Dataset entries
################

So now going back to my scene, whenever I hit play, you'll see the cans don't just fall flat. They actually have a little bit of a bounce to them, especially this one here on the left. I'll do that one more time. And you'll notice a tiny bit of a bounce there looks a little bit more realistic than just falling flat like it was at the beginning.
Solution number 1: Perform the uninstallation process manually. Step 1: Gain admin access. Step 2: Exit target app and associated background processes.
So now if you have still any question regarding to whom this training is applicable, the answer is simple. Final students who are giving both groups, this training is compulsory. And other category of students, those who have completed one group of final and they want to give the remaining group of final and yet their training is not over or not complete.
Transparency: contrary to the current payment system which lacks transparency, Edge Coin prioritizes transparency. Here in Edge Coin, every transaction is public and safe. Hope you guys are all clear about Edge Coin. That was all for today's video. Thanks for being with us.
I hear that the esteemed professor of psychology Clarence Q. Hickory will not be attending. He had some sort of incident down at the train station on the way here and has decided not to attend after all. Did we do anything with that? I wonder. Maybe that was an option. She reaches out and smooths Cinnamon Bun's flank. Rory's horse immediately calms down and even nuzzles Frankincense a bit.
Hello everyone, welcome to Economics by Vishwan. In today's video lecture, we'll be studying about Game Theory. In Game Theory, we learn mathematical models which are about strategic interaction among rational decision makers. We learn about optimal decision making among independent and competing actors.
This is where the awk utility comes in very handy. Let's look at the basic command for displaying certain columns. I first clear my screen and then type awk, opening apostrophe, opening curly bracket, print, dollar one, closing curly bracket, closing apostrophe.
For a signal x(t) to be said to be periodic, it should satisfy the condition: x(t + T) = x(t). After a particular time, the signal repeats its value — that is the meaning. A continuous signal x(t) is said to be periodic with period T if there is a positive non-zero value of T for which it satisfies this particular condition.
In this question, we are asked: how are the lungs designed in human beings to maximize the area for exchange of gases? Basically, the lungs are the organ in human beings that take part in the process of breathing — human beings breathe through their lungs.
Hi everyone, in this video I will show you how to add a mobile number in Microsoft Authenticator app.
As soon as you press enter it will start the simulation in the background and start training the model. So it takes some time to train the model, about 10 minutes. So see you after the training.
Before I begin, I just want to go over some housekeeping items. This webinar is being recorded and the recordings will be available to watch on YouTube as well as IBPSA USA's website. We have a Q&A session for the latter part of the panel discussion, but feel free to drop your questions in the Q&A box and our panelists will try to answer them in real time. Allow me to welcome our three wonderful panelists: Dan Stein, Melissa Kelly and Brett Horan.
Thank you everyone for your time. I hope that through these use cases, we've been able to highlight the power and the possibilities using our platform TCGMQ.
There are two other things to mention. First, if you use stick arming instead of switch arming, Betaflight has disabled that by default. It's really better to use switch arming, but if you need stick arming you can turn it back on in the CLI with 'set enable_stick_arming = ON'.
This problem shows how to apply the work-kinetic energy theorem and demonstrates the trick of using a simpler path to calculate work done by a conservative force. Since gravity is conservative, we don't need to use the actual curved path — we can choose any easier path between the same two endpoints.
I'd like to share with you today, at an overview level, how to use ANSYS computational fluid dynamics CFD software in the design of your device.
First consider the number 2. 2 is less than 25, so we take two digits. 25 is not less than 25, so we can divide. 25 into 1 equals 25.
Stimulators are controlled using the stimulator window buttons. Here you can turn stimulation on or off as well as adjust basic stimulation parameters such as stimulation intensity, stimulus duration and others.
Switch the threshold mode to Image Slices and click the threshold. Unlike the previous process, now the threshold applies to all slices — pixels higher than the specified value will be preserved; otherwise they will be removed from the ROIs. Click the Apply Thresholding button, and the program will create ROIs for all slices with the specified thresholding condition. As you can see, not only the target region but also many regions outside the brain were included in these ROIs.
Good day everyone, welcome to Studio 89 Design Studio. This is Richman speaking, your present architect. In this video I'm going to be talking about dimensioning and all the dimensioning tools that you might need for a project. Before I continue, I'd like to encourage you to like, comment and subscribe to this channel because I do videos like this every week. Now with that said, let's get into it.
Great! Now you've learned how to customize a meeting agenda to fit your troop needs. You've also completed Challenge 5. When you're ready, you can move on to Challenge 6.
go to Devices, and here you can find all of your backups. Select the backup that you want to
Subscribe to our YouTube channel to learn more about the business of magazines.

################

*What the task asks*. Using the entries above, give again exactly the lines from the line holding "Solution number 1: Perform" through the line holding "So now if you". Include both end lines and nothing else.

*Task solution*.
Solution number 1: Perform the uninstallation process manually. Step 1: Gain admin access. Step 2: Exit target app and associated background processes.
So now if you have still any question regarding to whom this training is applicable, the answer is simple. Final students who are giving both groups, this training is compulsory. And other category of students, those who have completed one group of final and they want to give the remaining group of final and yet their training is not over or not complete.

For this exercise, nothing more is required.